Short version: you (or a third-party package you installed) added one of
CAcert's intermediate TLS certificates to the OpenSSL trusted certificates directory (/etc/ssl/certs, typically managed by the ca-certificates package). That certificate is about to expire. Consider whether you actually trust CAcert, and if so, replace that certificate with the
new one and run "update-ca-certificates" as root.
Long version:
CAcert is a community-maintained TLS certificate authority. It operates outside of the Internet's prevalent public key infrastructure, meaning that its root certificate isn't signed by one of the main certificate authorities and therefore isn't trusted by major operating systems (including Slackware, so you didn't get this certificate via the ca-certificates package).

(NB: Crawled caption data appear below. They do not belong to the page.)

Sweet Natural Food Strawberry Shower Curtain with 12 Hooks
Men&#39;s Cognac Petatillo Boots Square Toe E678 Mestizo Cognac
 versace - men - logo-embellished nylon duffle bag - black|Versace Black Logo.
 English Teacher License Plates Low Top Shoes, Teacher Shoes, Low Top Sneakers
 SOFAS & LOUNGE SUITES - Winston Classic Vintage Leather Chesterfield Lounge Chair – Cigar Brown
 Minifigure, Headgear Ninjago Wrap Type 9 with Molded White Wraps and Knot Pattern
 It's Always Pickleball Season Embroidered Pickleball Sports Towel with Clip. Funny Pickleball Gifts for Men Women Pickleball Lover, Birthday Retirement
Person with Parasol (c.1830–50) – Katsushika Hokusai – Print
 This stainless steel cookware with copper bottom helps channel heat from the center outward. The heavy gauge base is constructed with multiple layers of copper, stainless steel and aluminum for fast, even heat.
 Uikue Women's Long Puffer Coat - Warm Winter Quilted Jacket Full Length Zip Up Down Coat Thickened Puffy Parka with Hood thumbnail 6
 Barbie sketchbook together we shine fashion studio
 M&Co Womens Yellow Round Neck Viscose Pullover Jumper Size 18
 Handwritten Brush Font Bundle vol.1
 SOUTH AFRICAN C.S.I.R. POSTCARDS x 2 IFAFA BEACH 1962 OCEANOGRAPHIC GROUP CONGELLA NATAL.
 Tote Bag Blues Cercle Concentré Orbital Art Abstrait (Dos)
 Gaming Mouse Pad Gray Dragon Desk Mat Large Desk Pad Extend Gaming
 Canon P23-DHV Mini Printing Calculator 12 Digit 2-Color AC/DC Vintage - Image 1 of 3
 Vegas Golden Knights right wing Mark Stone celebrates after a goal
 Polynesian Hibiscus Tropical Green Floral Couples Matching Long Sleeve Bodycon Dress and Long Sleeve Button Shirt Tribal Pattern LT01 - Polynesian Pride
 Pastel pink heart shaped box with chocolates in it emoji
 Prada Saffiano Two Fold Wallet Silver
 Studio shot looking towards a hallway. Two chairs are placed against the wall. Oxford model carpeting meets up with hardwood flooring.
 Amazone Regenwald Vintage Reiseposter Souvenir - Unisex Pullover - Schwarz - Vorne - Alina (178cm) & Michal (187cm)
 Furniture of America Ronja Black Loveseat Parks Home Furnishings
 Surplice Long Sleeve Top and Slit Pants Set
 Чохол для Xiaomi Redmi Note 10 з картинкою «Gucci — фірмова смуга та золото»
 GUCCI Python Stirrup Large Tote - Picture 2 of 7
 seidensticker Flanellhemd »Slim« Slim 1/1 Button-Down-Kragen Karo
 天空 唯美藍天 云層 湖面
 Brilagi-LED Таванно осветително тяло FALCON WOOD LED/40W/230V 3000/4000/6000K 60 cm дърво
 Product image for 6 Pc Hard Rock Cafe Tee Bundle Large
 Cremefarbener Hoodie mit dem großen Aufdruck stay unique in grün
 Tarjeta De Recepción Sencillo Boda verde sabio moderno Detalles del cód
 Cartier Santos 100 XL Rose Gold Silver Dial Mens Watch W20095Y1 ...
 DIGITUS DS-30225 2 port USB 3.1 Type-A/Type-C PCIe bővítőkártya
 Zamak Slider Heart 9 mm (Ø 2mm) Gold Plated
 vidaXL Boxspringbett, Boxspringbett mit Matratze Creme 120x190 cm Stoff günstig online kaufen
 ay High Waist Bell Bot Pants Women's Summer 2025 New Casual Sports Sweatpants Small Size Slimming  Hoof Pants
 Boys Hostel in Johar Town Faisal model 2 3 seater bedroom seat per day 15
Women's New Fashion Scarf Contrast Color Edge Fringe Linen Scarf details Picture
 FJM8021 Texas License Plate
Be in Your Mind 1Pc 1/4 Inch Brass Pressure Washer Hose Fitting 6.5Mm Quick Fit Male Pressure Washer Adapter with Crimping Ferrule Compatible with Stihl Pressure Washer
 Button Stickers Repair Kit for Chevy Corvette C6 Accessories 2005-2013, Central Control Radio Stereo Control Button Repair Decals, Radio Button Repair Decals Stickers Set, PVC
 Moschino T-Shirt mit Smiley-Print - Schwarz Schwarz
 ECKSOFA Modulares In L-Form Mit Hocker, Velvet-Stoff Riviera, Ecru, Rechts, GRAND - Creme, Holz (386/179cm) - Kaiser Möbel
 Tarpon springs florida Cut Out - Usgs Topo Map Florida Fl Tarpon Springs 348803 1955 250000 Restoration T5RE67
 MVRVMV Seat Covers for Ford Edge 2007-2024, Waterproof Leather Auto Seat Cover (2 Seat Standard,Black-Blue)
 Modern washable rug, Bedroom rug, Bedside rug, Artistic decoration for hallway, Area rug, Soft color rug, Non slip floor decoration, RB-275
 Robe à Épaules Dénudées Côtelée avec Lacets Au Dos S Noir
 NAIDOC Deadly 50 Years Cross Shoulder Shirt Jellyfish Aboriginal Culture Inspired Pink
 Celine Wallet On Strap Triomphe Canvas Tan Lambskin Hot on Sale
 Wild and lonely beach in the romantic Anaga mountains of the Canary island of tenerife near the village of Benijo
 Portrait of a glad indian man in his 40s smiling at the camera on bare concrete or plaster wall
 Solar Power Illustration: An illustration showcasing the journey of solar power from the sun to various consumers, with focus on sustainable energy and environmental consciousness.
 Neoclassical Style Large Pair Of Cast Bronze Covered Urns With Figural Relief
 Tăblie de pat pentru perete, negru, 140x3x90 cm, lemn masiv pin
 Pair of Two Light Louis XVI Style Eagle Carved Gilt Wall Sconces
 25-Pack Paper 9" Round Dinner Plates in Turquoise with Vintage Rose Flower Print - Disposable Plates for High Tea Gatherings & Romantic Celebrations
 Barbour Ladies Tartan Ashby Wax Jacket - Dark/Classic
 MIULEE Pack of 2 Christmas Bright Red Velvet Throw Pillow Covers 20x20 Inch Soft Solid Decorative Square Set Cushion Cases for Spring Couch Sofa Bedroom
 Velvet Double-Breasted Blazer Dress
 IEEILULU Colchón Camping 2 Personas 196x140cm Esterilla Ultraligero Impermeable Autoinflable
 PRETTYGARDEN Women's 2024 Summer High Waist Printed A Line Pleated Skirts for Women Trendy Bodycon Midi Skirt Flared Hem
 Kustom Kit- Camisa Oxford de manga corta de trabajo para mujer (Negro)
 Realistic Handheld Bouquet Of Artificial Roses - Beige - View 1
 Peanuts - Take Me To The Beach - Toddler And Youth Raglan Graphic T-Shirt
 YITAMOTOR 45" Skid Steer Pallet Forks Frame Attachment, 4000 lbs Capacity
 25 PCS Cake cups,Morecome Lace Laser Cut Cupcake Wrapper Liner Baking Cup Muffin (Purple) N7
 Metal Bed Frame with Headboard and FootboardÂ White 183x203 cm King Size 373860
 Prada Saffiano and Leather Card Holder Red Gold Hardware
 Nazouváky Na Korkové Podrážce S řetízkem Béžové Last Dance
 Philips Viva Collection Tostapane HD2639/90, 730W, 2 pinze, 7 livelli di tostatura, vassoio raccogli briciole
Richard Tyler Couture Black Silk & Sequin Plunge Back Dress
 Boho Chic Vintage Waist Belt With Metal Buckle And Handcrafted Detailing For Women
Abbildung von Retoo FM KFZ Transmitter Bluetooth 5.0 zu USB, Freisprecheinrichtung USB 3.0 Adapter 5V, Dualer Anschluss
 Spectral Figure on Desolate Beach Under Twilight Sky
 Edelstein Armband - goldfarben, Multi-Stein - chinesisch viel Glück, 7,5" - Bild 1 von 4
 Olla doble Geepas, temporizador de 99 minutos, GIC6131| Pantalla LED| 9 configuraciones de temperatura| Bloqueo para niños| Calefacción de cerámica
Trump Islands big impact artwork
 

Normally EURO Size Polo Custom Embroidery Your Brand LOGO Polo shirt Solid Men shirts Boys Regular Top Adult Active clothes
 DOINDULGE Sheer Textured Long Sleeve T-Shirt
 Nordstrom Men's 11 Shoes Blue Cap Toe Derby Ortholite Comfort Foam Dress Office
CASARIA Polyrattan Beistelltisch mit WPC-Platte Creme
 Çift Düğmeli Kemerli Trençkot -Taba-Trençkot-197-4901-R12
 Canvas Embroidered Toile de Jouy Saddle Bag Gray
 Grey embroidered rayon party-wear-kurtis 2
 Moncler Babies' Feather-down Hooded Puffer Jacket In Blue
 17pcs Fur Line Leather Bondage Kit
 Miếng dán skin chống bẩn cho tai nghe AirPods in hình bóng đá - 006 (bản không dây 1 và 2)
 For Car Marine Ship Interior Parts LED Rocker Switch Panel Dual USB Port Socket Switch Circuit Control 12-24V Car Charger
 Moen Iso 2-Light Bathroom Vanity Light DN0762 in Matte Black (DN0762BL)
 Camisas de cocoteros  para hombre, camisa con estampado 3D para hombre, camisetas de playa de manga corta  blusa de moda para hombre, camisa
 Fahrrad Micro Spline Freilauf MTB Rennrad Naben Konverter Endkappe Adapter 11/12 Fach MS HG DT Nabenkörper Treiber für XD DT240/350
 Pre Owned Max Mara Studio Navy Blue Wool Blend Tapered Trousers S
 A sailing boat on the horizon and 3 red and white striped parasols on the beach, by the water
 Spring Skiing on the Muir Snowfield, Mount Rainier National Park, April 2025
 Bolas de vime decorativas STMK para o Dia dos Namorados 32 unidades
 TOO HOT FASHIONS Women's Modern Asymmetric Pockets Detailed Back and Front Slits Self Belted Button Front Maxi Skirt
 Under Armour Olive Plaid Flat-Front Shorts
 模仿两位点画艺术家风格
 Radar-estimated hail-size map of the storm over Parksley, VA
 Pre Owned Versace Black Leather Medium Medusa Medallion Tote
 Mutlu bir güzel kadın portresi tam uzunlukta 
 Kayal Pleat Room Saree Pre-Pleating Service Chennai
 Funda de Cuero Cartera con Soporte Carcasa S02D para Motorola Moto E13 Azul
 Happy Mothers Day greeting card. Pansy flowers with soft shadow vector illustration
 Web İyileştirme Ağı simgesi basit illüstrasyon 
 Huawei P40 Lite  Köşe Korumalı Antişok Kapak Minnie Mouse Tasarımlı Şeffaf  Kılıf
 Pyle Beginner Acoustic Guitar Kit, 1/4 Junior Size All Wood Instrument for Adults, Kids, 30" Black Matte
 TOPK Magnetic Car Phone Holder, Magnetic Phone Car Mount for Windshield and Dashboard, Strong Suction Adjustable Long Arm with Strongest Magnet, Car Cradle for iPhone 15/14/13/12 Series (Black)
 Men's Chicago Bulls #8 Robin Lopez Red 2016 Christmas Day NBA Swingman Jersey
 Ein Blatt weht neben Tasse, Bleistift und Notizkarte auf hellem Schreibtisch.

At some point in the last ten years, you installed CAcert's Class 3 CA certificate -
generated in June 2011, and valid for ten years - to OpenSSL's trusted certificates directory. certwatch (a cron job installed by the openssl package) is mailing you to tell you that that CA certificate is about to expire, and that OpenSSL will refuse to verify any certificate chain containing that CA in a week's time. If you don't know why CAcert is in your trusted certificates directory, or don't recall installing it there, the safest thing to do would be to remove it: it wasn't installed by Slackware, and the impact to you will likely be zero since hardly anyone asks CAcert to sign their certificates (especially with the rise of
Let's Encrypt, a free CA that
is trusted by all major operating systems). If you want to continue trusting CAcert, you'll need to download the
replacement Class 3 CA certificate - valid for another ten years, until April 2031 - and regenerate the database of trusted certificates by running "update-ca-certificates" as root.